Reproduce the following data exactly, minus any images.

Data excerpt:
# # # # # # #
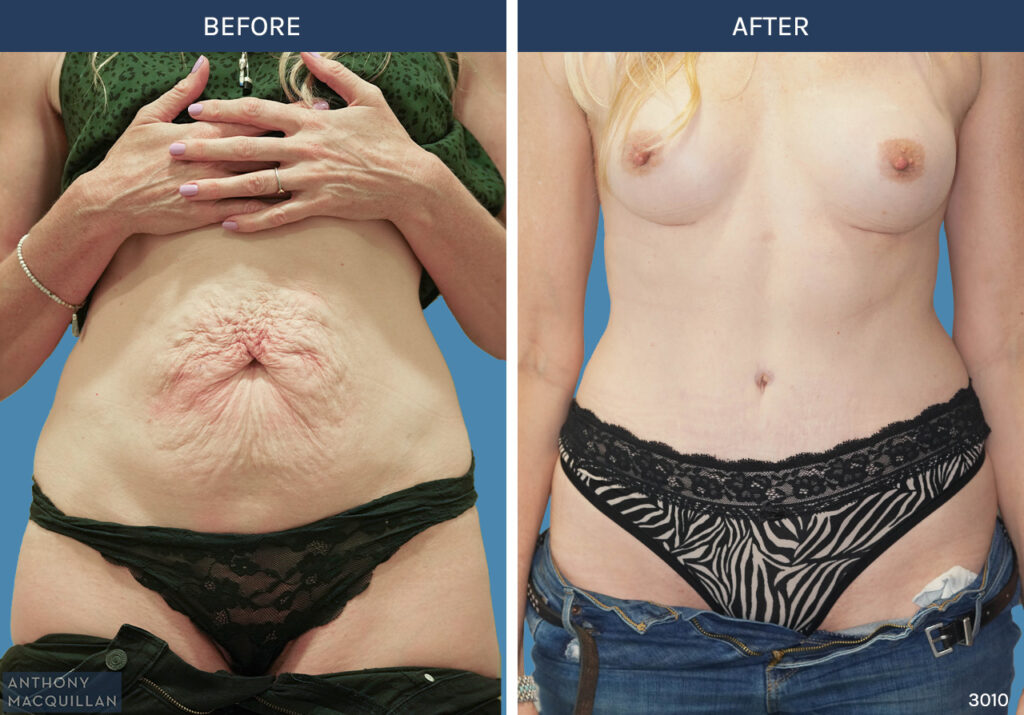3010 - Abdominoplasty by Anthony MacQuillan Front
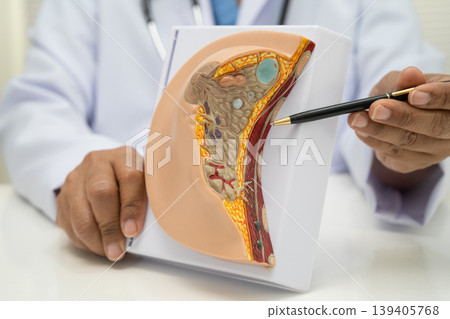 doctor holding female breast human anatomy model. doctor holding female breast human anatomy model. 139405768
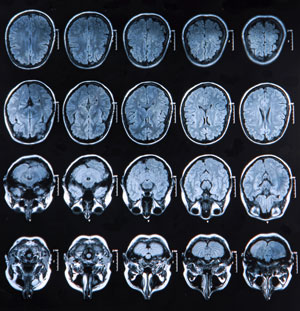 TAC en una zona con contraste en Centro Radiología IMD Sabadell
# # # # # # #
Written response:
3010 - Abdominoplasty by Anthony MacQuillan Front
 doctor holding female breast human anatomy model. doctor holding female breast human anatomy model. 139405768
 TAC en una zona con contraste en Centro Radiología IMD Sabadell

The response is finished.